» TO DO
Where a line contains "Hanglamp Biggar E27", begin there and restate word for word every line to the end of the entries below, pictures excluded.

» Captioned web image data

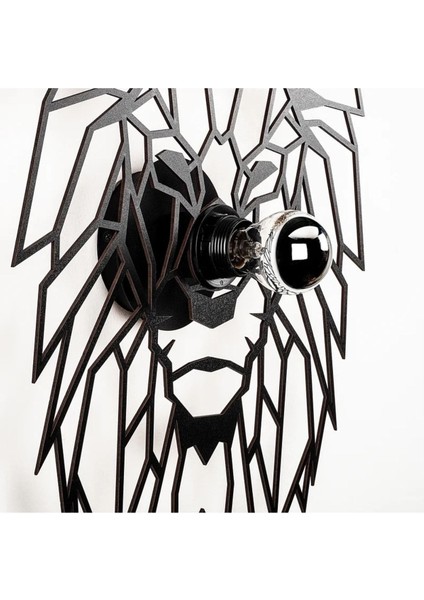 Lion Aslan Desenli Yansıtma Tasarımlı Doğal Ahşap Mdf Lazer Rustik Salon Aplik Duvar Dekoru modelleri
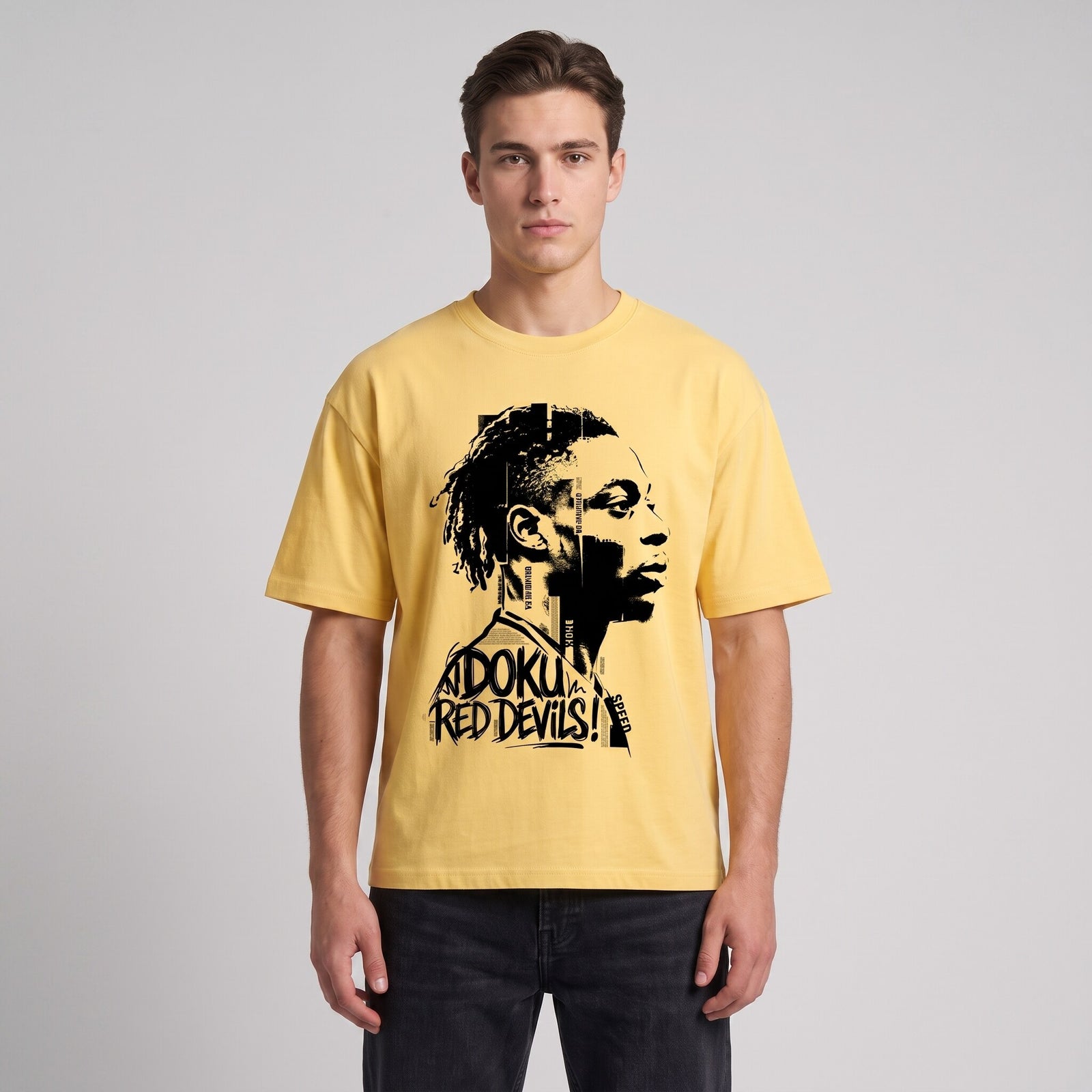 T-shirt oversized jaune citron au portrait sérigraphié de Doku, porté en studio sur fond gris clair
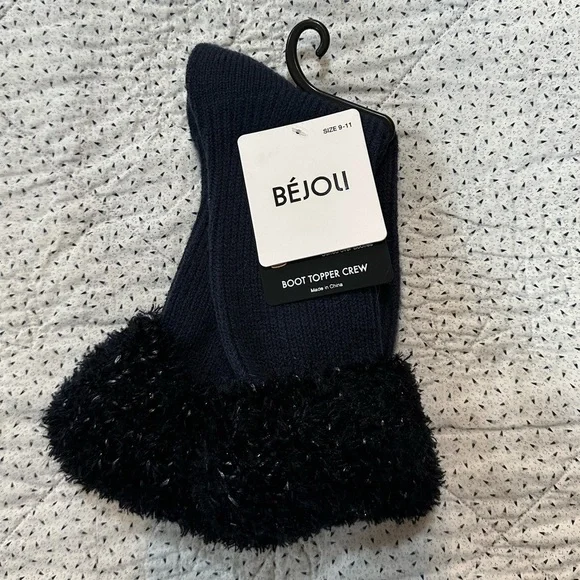 Bejoli Fluff Cuff Boot Topper Crew - Indigo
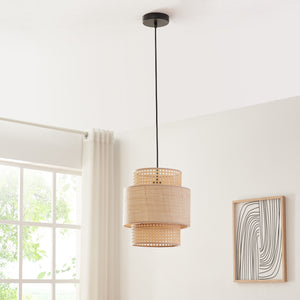 Hanglamp Biggar E27 fitting 170 cm hoog zwart en beige lux.pro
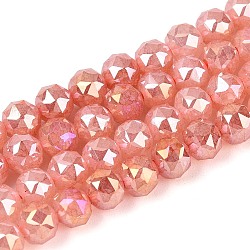 Anti-Tarnish Electroplate Glass Beads Strands, Round, Imitation Jade, Gradient Color, Faceted, Light Salmon, 5.5~6mm, Hole: 1~1.2mm, about 65~69pcs/strand, 13.58~14.76''(34.5~37.5cm)(GLAA-N064-6mm-04)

» RESPONSE
 Hanglamp Biggar E27 fitting 170 cm hoog zwart en beige lux.pro
 Anti-Tarnish Electroplate Glass Beads Strands, Round, Imitation Jade, Gradient Color, Faceted, Light Salmon, 5.5~6mm, Hole: 1~1.2mm, about 65~69pcs/strand, 13.58~14.76''(34.5~37.5cm)(GLAA-N064-6mm-04)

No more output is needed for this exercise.